ALP: Alkaline phosphatase; ApoE: Apolipoprotein E; BMP-2: Bone morphogenetic protein 2; DPP-4: Dipeptidyl peptidase 4; IL: Interleukin; JAK: Janus kinase; MAPK: Mitogen-activated protein kinase; MCP-1: Monocyte chemotactic protein 1; MSC: Mesenchymal stem cell; Nampt: Nicotinamide phosphoribosyltransferase; OPN: Osteopontin; PAI-1: Plasminogen activator inhibitor-1; RUNX2: Runt-related transcription factor 2; TIMP-1: Tissue inhibitors of metalloproteinase; TGF-β: Transforming growth factor beta; TNF: Tumor necrosis factor; VEGF: Vascular endothelial growth factor.

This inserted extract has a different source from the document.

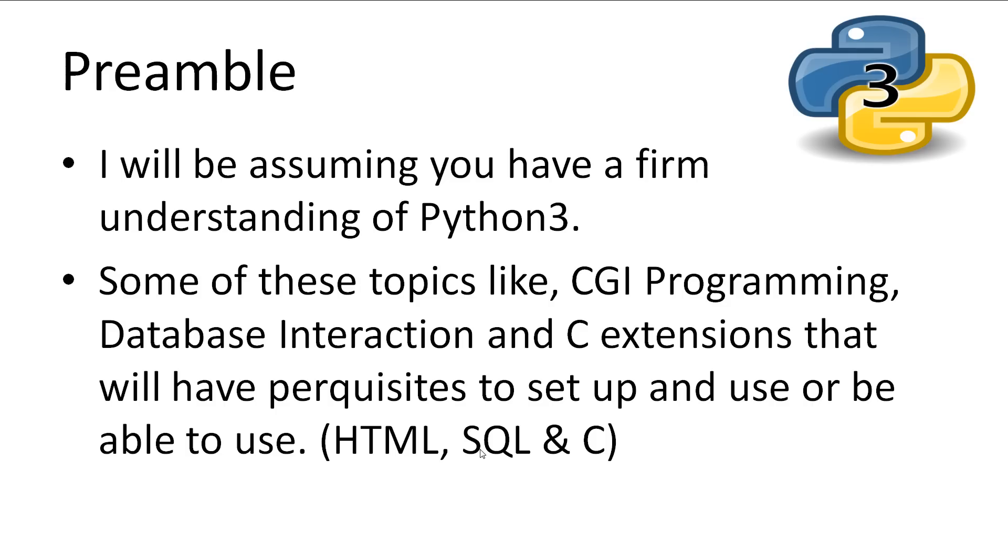I'll be assuming that you have a firm understanding of Python 3 while watching these videos. Some of the topics, specifically CGI Programming, Database Interaction and C Extensions, will require other skills like HTML, SQL, or the C programming language.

In summary, this paper reviewed the current research on the regulation and influence of adipokine in the osteoblast differentiation of MSCs. However, this review did not include all currently discovered adipokines but only included published studies involving osteogenic differentiation of MSCs. Most of the included studies were conducted in BMSCs, with a small number involving osteoblast precursor cells, progenitor cells, and a small number of other tissue-derived stem cells. Our review suggests that different adipokines have different effects on the outcome of osteogenic differentiation, bone regeneration, and bone remodeling of MSCs. The progress of related research provides a good reference for subsequent preclinical and clinical studies and a new reference for treating osteogenic disorders and diseases of osteoblastic homeostasis.